DRM, or digital rights management, is a digital lock placed on media content and devices. Supporters say DRM protects businesses and artists from piracy and theft. Sounds good, right? Opponents say it kills innovation, doesn't stop piracy, and helps malware distributors. This month, a group led by the Electronic Frontier Foundation has assembled to come up with ways to fight DRM.
The World Wide Web Consortium, which just admitted the MPAA, has been pushing for every internet browser with HTML5 to ship with DRM since 2013. With Google, Netflix, and Microsoft on their side, it looks like DRM could very well become a requirement for browsers. But the opposition is about to take a stand. The Apollo 1201 project, led by the EFF with special consultant Cory Doctorow, is working with researchers and academics to try to repeal laws supporting DRM, including section 1201 of the Digital Millennium Copyright Act.
Why DRM Sucks: Part One
When you buy an e-book, Keurig coffee-making machine, iTunes media, or any wide host of gadgets and files, their sellers add DRM technology to control the ways you can use what you bought. So if you buy a Keurig, for example, the DRM prevents you from using non-Keurig coffee pods. If you buy a movie from iTunes, that means you can't put it on a DVD. These controls let companies put limits on the products they sell, and means people who buy them are circumscribed with what they can do with what they have purchased. It's like buying a tub of ice cream with a special lid that locks if you try to share with a friend or blend it into a milkshake.
And while it ostensibly protects creators, it also puts them at the whims of companies like Amazon and Apple. "Every time you buy a DRMed Kindle book, you can't move it to a Nook or Kobo or any device that comes in the future. So that means that if I don't like the way I'm getting treated by Amazon and want to sell my books elsewhere, I have to cross my fingers and hope you're willing to buy all my books again to read them on the new platform, or be willing to maintain two separate ecosystems to continue to access my stuff," Doctorow told me via email.
Why DRM Sucks: Part 2 (Horrorshow Edition)
So that's all shitty, but Doctorow believes there's another valid argument against DRM that everybody should be able to get behind. Far from safeguarding people, these controls could be the impetus for some serious security problems. "The real horrorshow is that DRM requires that your computer be designed to hide its operations from you, and the DMCA makes it a felony to tell you about vulnerabilities in the DRM that can be exploited by creeps and thugs and crooks and spies," Doctorow said. This means that it'd be illegal, for instance, to report a discovery of spyware ingrained in a program, whether it's put there by the NSA or some Russian malware ring.

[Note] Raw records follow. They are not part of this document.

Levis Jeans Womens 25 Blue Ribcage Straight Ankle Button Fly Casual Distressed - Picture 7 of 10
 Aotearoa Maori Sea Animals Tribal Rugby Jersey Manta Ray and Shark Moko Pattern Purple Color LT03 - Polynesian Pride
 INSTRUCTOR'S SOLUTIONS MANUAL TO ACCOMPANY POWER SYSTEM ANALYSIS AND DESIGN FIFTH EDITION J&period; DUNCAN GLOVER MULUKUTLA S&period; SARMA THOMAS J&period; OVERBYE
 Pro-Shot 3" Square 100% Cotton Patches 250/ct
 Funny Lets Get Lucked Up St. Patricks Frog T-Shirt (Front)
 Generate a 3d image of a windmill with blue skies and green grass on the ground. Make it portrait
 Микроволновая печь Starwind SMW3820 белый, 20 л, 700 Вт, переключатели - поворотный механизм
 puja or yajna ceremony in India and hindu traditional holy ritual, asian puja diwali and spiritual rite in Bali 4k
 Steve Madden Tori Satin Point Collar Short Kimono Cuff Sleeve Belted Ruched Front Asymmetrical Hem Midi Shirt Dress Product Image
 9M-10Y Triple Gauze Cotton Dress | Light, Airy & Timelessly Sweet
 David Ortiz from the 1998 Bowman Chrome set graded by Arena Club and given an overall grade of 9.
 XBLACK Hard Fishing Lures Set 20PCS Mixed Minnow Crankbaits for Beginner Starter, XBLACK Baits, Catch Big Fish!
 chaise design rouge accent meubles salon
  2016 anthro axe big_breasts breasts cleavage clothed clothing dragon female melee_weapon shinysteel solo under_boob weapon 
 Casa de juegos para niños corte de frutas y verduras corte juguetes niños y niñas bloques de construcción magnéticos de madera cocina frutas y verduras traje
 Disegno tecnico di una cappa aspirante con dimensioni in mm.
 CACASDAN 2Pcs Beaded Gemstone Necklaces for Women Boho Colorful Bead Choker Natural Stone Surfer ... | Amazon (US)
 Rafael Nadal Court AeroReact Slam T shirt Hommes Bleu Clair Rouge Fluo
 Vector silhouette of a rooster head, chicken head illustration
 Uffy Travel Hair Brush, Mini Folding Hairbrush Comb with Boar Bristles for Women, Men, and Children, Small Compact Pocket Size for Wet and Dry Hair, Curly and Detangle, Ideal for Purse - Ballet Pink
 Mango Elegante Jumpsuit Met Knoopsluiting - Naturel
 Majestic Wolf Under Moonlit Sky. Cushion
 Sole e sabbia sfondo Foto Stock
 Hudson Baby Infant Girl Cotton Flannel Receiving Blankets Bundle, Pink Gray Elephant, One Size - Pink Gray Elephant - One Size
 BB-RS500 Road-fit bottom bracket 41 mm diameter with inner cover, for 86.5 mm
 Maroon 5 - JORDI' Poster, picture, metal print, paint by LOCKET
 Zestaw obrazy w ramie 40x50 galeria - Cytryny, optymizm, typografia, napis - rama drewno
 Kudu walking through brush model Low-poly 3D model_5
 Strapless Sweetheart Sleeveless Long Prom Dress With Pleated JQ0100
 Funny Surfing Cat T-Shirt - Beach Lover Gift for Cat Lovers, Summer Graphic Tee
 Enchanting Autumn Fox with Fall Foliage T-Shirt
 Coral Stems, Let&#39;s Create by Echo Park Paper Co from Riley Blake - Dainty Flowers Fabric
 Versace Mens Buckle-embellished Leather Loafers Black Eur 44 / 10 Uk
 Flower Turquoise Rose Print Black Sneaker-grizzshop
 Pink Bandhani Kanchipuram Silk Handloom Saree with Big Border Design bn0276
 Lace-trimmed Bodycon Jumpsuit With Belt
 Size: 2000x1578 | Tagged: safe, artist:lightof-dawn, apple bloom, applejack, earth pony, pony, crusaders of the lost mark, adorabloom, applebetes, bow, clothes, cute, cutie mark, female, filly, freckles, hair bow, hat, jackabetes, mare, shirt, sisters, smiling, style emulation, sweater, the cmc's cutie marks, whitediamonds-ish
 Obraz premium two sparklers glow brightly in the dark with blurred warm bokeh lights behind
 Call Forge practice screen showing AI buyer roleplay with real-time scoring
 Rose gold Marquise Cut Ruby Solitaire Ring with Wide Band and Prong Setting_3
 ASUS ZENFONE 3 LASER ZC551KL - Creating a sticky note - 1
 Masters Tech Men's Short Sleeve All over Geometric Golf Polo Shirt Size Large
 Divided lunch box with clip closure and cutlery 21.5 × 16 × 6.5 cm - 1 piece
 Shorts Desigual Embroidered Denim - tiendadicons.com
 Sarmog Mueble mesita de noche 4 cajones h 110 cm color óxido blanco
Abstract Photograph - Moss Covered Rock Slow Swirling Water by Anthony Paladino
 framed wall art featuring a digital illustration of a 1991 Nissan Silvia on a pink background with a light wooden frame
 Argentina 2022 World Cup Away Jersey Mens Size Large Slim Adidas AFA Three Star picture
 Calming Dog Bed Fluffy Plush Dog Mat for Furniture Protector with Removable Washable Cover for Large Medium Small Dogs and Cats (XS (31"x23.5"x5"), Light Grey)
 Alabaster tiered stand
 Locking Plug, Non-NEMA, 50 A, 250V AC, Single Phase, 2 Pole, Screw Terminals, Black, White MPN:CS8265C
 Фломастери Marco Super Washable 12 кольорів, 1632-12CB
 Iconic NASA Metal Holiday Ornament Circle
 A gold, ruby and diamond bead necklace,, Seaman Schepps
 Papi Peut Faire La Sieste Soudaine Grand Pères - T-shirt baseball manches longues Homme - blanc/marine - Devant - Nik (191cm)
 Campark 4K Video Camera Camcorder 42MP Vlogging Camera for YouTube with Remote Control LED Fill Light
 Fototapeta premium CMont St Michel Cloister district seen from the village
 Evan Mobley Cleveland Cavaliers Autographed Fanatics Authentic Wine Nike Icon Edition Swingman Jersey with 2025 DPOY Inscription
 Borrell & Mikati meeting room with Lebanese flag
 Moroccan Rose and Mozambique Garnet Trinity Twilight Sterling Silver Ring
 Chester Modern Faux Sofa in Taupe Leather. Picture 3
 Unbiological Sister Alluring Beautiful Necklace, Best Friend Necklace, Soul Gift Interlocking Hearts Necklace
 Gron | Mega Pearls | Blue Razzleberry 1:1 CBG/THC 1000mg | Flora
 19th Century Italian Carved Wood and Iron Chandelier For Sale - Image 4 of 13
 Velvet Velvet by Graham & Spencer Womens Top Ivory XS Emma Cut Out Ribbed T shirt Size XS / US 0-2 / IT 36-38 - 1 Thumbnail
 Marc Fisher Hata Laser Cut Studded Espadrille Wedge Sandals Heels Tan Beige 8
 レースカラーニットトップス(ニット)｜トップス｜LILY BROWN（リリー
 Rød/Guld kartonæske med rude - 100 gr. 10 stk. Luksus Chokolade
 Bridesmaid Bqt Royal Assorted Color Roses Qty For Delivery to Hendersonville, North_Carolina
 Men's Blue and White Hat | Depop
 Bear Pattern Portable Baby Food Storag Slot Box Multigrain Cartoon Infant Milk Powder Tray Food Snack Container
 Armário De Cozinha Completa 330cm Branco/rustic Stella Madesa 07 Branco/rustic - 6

"I think that most people miss that DRM can't be sustained without laws mandating silence about DRM's flaws," he said. These laws make it illegal to point out security problems, so white-hat hackers who violate DRM to discover vulnerabilities could go to jail for reporting serious issues. "No one really thinks about this- that they're filling their lives with voice- and gesture-controlled devices (implying that they're never out of range of a mic and a camera), and the government is willing to imprison people who point out potentially lethal flaws in them."
Doctorow hates DRM for basically all the reasons anyone could hate it, but he's adamant that it could end up dicking everyone over by hugely de-incentivizing people to report security flaws or malware. That's a compelling reason for anyone to support reform, if not an outright repeal of laws that push DRM.
This push against DRM is happening at a pivotal time, since the push for the technology has already developed momentum. In 2014, Mozilla was coerced into putting DRM in its browser, because Netflix and other video providers are preparing to implement a system where their content would require DRM. It was either keep fighting or lose the ability to show people Netflix, which would have tanked Firefox.
It's a long-shot that Apollo 1201 will succeed. But DRM is a threat to online security (not to mention creativity) that is worth fighting against despite the odds.